Hiyama praised for her efficiency and 'aloha' spirit

Photo: Rod Searcey


When Elizabeth Hiyama was diagnosed with breast cancer in 1998, she came to work while receiving chemotherapy treatments.

"I think what has kept me here are my colleagues," she says.

Hiyama, an associate director of Residential Education, was on medical leave for 11 months. Her illness is in remission, but it took more than medical know-how to get her on the recovery track. She credits the presence of her co-workers for their contribution to her healing. "I absolutely believe they helped me get well," she says.

And many of these colleagues say Hiyama's influence has made them better workers, better people.

"Elizabeth is about people and people development," says Ann Porteus, associate director of Residential Education. "She continually seeks ways to provide professional development for her staff, empowering them to move on to other positions when they are ready to do so."

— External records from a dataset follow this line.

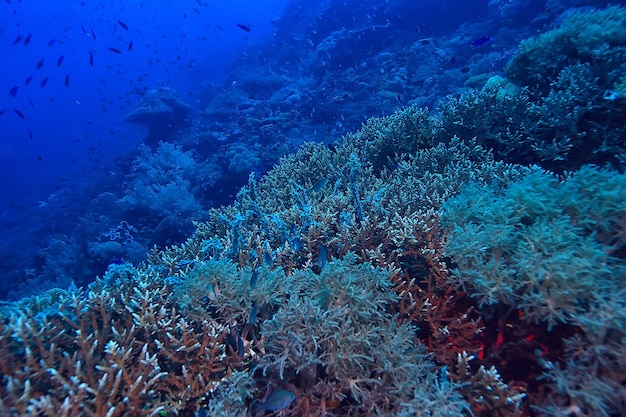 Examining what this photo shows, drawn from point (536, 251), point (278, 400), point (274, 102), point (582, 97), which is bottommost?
point (278, 400)

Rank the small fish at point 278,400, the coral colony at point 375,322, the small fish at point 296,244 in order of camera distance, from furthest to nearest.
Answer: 1. the small fish at point 296,244
2. the coral colony at point 375,322
3. the small fish at point 278,400

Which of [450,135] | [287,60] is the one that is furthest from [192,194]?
[287,60]

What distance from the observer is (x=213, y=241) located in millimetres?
4203

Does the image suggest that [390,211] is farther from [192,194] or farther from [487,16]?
[487,16]

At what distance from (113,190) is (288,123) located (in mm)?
11215

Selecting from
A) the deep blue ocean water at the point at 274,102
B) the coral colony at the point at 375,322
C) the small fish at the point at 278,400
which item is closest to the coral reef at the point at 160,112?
the deep blue ocean water at the point at 274,102

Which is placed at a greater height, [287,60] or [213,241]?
[287,60]

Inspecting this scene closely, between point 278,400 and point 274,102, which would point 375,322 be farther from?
point 274,102

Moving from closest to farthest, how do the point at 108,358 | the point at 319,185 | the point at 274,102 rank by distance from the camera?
1. the point at 108,358
2. the point at 319,185
3. the point at 274,102

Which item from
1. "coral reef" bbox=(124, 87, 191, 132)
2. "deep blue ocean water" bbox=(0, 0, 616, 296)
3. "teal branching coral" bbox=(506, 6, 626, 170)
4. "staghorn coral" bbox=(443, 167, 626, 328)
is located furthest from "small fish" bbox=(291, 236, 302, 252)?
"coral reef" bbox=(124, 87, 191, 132)

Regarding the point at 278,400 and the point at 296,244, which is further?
the point at 296,244

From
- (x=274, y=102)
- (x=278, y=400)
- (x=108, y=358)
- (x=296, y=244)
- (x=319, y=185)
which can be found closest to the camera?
(x=278, y=400)

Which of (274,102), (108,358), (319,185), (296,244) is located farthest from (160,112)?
(108,358)

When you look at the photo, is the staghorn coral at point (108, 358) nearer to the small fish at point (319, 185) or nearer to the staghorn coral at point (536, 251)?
the staghorn coral at point (536, 251) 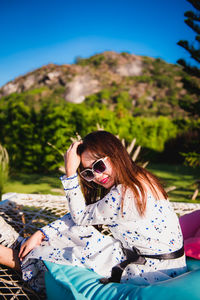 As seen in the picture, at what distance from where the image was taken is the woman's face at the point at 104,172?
59.8 inches

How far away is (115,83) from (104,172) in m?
56.6

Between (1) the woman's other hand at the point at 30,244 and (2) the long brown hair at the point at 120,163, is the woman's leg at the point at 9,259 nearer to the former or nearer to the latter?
(1) the woman's other hand at the point at 30,244

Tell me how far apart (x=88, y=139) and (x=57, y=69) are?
65.7m

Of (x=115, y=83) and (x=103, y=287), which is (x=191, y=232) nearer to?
(x=103, y=287)

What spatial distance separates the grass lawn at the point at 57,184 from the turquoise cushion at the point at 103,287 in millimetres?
3588

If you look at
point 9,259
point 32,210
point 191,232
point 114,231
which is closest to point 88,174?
point 114,231

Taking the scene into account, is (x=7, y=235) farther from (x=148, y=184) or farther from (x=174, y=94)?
(x=174, y=94)

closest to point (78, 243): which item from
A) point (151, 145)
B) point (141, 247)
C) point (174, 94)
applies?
point (141, 247)

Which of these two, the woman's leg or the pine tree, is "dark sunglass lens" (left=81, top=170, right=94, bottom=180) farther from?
the pine tree

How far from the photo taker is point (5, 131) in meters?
8.43

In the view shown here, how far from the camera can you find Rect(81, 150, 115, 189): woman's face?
4.98 ft

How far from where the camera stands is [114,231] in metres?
1.49

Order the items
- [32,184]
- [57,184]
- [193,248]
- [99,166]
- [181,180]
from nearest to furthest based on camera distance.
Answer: [99,166] < [193,248] < [57,184] < [32,184] < [181,180]

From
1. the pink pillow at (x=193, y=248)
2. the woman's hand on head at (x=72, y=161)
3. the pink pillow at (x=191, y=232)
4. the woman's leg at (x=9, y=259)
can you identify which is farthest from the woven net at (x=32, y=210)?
the woman's hand on head at (x=72, y=161) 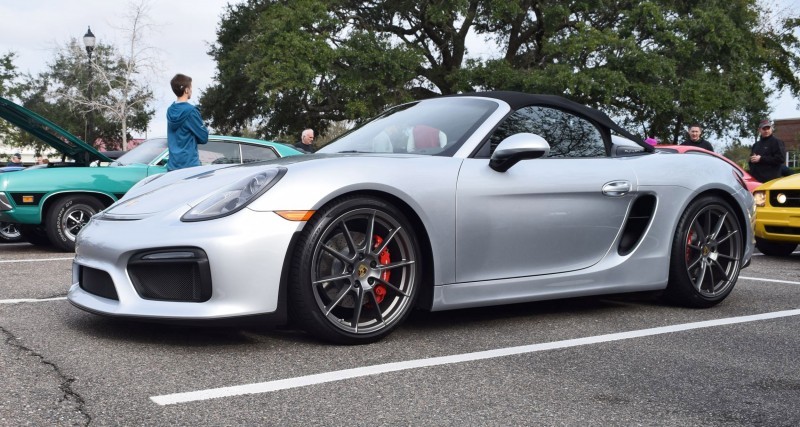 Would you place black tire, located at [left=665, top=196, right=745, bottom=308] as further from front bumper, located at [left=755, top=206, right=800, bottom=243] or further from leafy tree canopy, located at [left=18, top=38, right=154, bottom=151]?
leafy tree canopy, located at [left=18, top=38, right=154, bottom=151]

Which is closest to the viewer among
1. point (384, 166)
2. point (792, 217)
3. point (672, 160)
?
point (384, 166)

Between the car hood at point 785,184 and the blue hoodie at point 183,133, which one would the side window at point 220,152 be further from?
the car hood at point 785,184

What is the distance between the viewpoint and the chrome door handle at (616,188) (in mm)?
4812

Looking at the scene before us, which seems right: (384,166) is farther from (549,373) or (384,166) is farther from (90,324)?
(90,324)

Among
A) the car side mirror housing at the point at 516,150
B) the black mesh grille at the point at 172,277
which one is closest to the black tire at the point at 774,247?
the car side mirror housing at the point at 516,150

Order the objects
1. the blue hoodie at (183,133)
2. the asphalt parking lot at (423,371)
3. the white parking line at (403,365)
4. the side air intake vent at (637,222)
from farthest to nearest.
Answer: the blue hoodie at (183,133) < the side air intake vent at (637,222) < the white parking line at (403,365) < the asphalt parking lot at (423,371)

Others, such as Lowell Price, secretary of the Board of Trustees, laud Hiyama for her clarity of purpose: "She moves people and processes along to achieve the outcomes that are needed."

A native of Sacramento and 1974 Stanford graduate who has a bachelor's degree in English, Hiyama comes from a family of Berkeley alumni. She began her Stanford career in 1976 as a temporary office assistant in the central office of Residential Education. During the summer, she worked in the conference office of Housing and Dining Services. In 1979, Hiyama became director of administration for Residential Education, a position that evolved into her present one.

Hiyama's job is to ensure residence operations run smoothly in her areas of responsibility, which include financial management and human resources management. Her office also has responsibility for the residential computer clusters.

In the early days at her current job, Hiyama's office was "involved with everything," which included an art poster Residential Education had created in the 1970s on sexually transmitted diseases -- a task that now would be handled by health promotions support staff.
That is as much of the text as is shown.